2.2.3. Het Hof heeft ten aanzien van de bewezenverklaring voorts nog het volgende overwogen:
"A.
Door en namens de verdachte is ter terechtzitting in hoger beroep ten verweer betoogd dat hij dient te worden vrijgesproken van het primair ten laste gelegde, omdat niet wettig en overtuigend kan worden bewezen dat bij hem opzet bestond - ook niet in voorwaardelijke zin - op het toebrengen van zwaar lichamelijk letsel aan [betrokkene 1]. De verdediging heeft daarbij gewezen op de verklaring van de verdachte, inhoudende dat het glas per ongeluk uit zijn hand vloog op het moment dat hij met die hand een wegwerpgebaar maakte. Verdachte was gewoonweg vergeten dat hij een glas in zijn handen had. Deze verklaring wordt ondersteund door de ten overstaan van de politie door [betrokkene 3] afgelegde verklaring.
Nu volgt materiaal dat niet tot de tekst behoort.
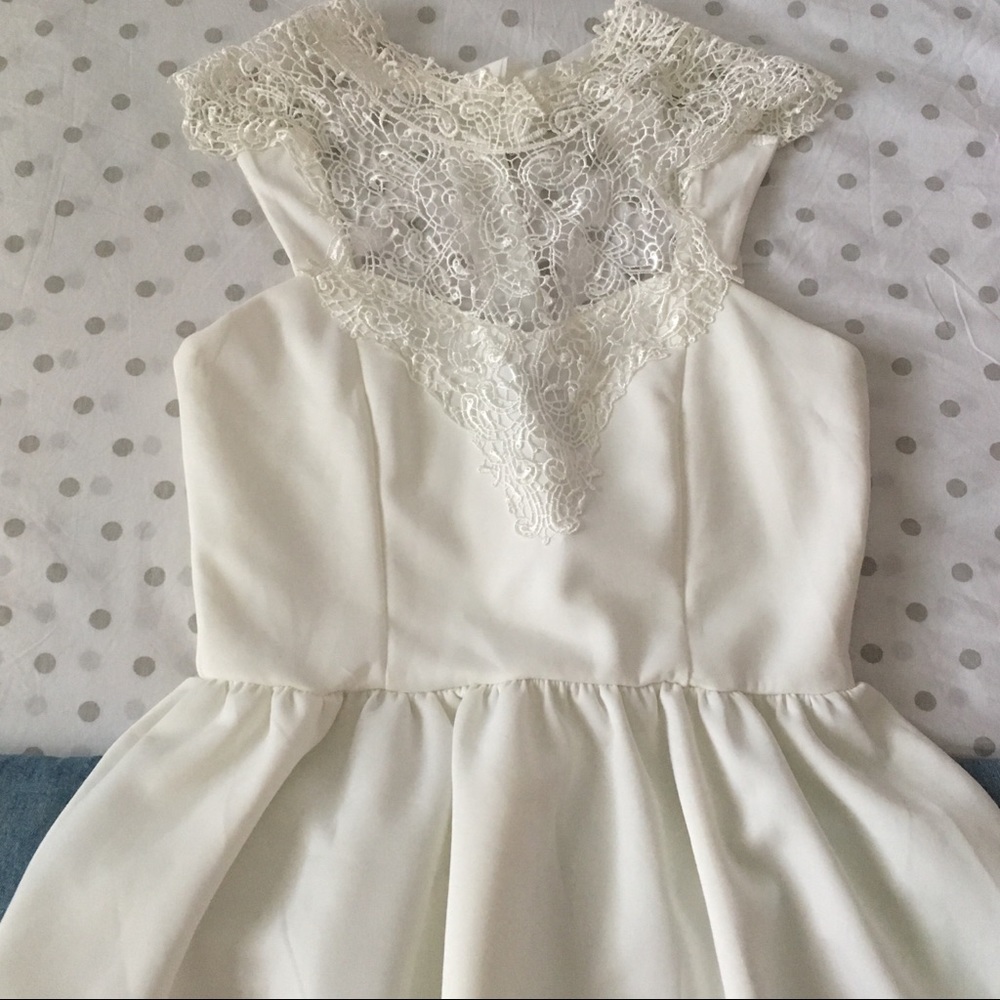 White Lace Sweetheart Neckline Party Dress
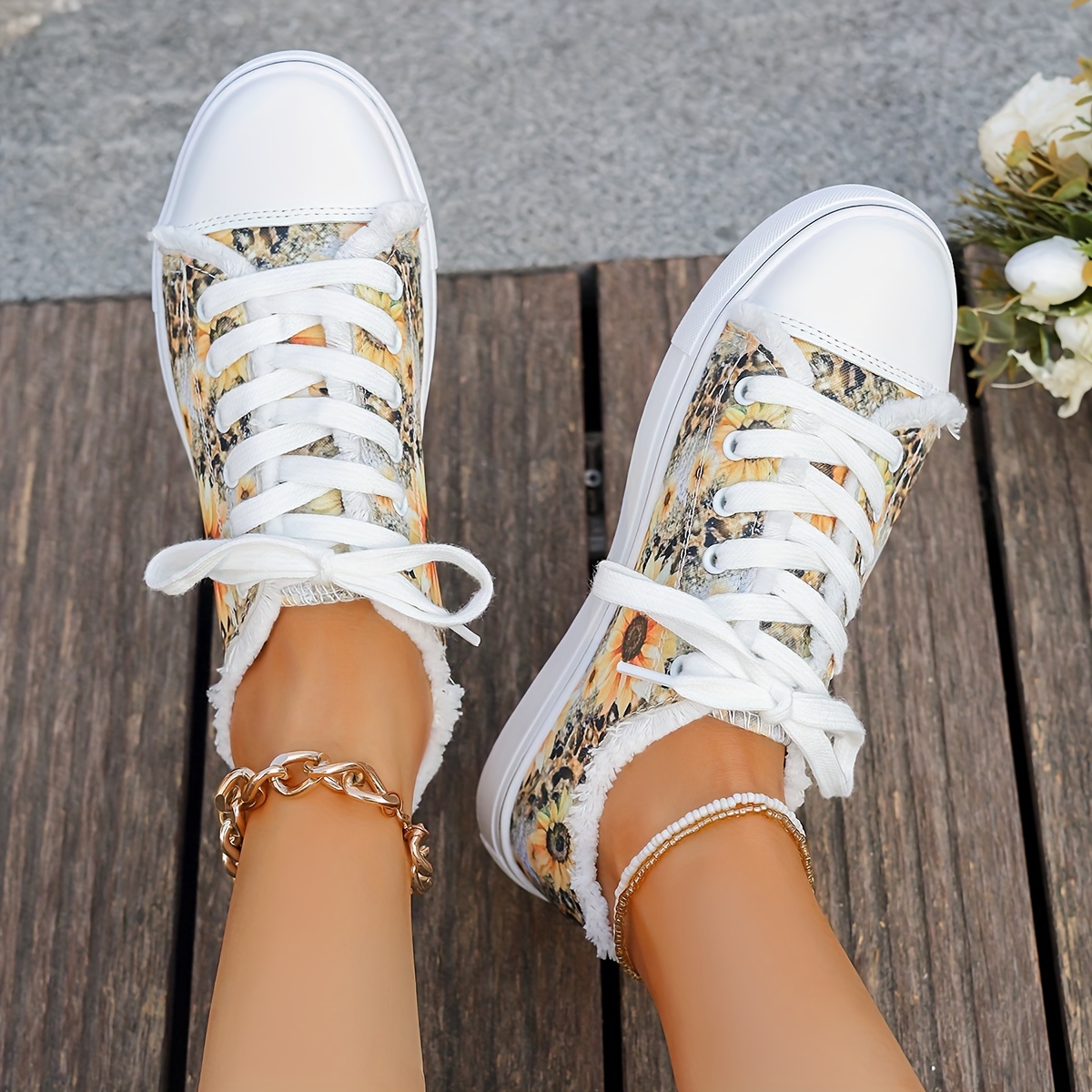low top canvas sneakers women s casual sunflower print details 2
Het hof overweegt daaromtrent aan de hand van de gebezigde bewijsmiddelen als volgt.
B.
Ten overstaan van de politie heeft verdachte op 25 februari 2009 (onder meer) het volgende verklaard:
"Ik zag op een gegeven moment dat er in de discotheek ruzie was. Ik bemoeide mij daarmee. Ik maakte tegen een mij onbekende jongen een weggooi gebaar. Ik was daarbij vergeten dat ik een glas in mijn handen had. Het glas vloog tegen zijn gezicht."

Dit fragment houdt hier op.